SEKILAS TENTANG سلم
النيرين
1. Asal Mula Pemikiran Sullamun
Nayyiroin
Sullamun Nayyiroin menggunakan sistem/ teori hasil pengamatan yang
dilakukan oleh Muhammad Targai Ulugh-Begh (1393-1449M),
seorang Muslim yang nenek moyangnya berasal dari daratan Cina, dia adalah
seorang pangeran Tartar yang merupakan cucu dari Timur Lenk. Selaku seorang
bangsawan, Ulugh Begh diberi kekuasaan sebagai raja muda di Turkestan.
Jabatannya ini memungkin dia mendirikan observatorium, madrasah serta
lembaga-lembaga pendidikan di Samarkand. Observatorium yang dibangunnya
merupakan obsevartorium yang tidak ada tandingannya, baik dari segi
kecanggihannya maupun dari segi ukurannya. Ulugh-Begh adalah seorang astronom
yang pandai dan mengepalai penyelidikan-penyelidikan yang menelan biaya yang
tidak sedikit. Pada tahun 1437 M, Ia telah berhasil membuat sebuah Zij
berdasarkan observasi yang dilakukannya. Pengertian dari Zij itu
sendiri adalah tabel keangkaan yang diterapkan kepada planet-planet untuk
mengetahui ciri masing-masing, baik jalan gerakannya, kecepatan, kelambatan,
kediaman dan geraknya kembali. Ia menamakannya Zij Ulugh-Begh.

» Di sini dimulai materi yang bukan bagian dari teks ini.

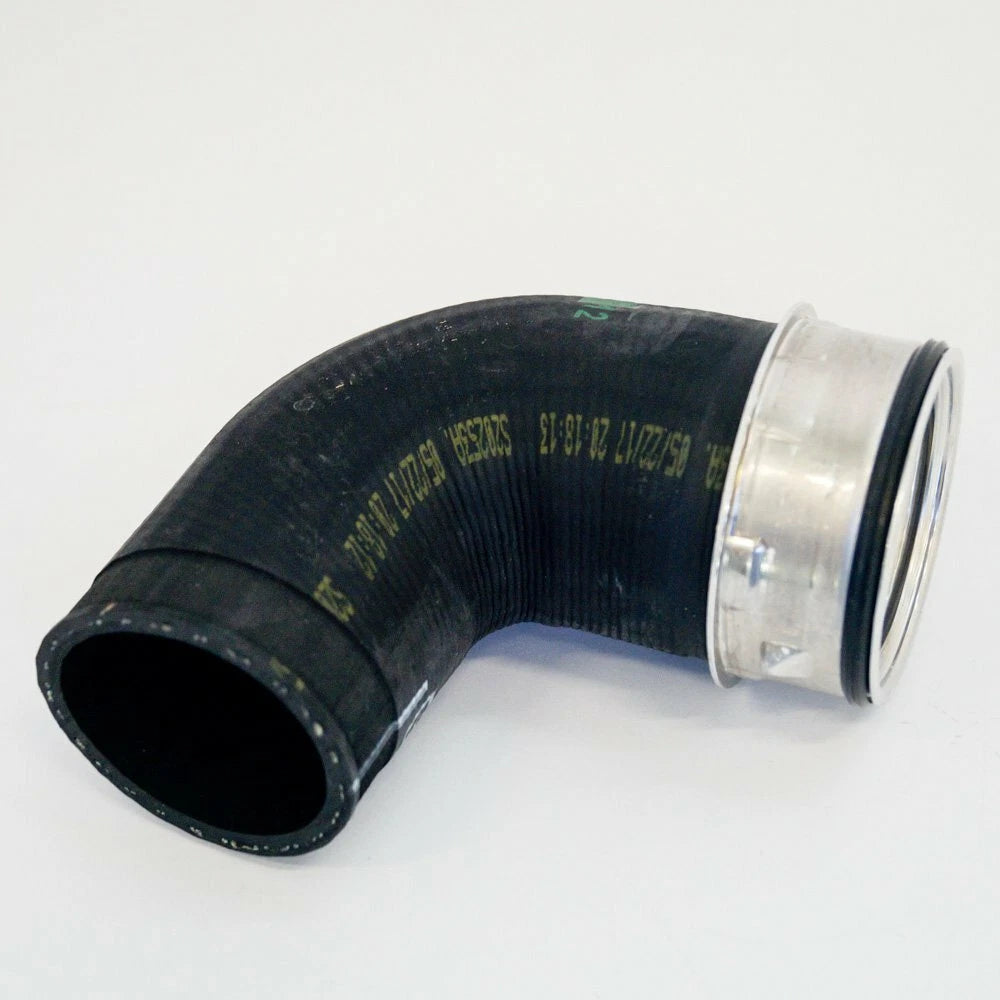 NEW VOLKSWAGEN SHARAN 7M RIGHT SIDE INTERCOOLER PRESSURE HOSE 7M3145708D 2.0 TDI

Tabel-tabel tersebut masih menggunakan model angka Jumali yang
merupakan model angka yang biasa digunakan oleh para ulama hisab tempo dulu
untuk menyajikan data astronomis benda-benda langit. Angka ini menggunakan
huruf-huruf arab, yaitu:

Gambar 1. Model Angka Jumali
Sullamun Nayyiroin adalah sebuah buku karangan Haji Muhammad
Mansur Al-Batawie berdasarkan penelitian yang dilakukan oleh Ulugh-Begh
tersebut, yang sebelumnya telah ditalhis (dijelaskan) oleh orang tuanya sendiri
yang bernama Abdul Hamid Bin Muhammad Damiri Al-Batawie dengan taqrir/
ketetapan dari Syeikh Abdurrahman bin Ahmad Al-Mishrie.
- Riwayat Hidup Muhammad Mansyur al-Batawie
Muhammad Mansur Al Batawie yang
biasa disebut Guru Mansur dilahirkan di Kampung Sawah, Jembatan Lima, Jakarta tahun 1295
Hijriah/ 1878 Masehi. Beliau wafat pada tahun 1967 Masehi. Ayahnya bernama Kyai
Haji Abdul Hamid bin Muhammad Damiri. Pada zaman Haji Hamid ini banyak
pemuda-pemudi betawi yang belajar masalah-masalah agama kepadanya, termasuk
Guru Mansur yang banyak belajar dan dididik langsung oleh ayahnya.
Sejak kecil Guru Mansur sudah mulai tertarik
dengan ilmu hisab atau ilmu falak, disamping ilmu-ilmu agama lainnya. Sesudah
ayahnya meninggal, Guru Mansur belajar dari kakak kandungnya Kyai Haji Mahbub
dan kakak misannya Kyai Haji Tabrani. Guru Mansur juga pernah belajar kepada
seseorang ulama dari Mester Cornelis bernama Haji Mujtaba bin Ahmad sebelum
pergi ke Mekah pada usia 16 tahun dan belajar di sana selama empat tahun.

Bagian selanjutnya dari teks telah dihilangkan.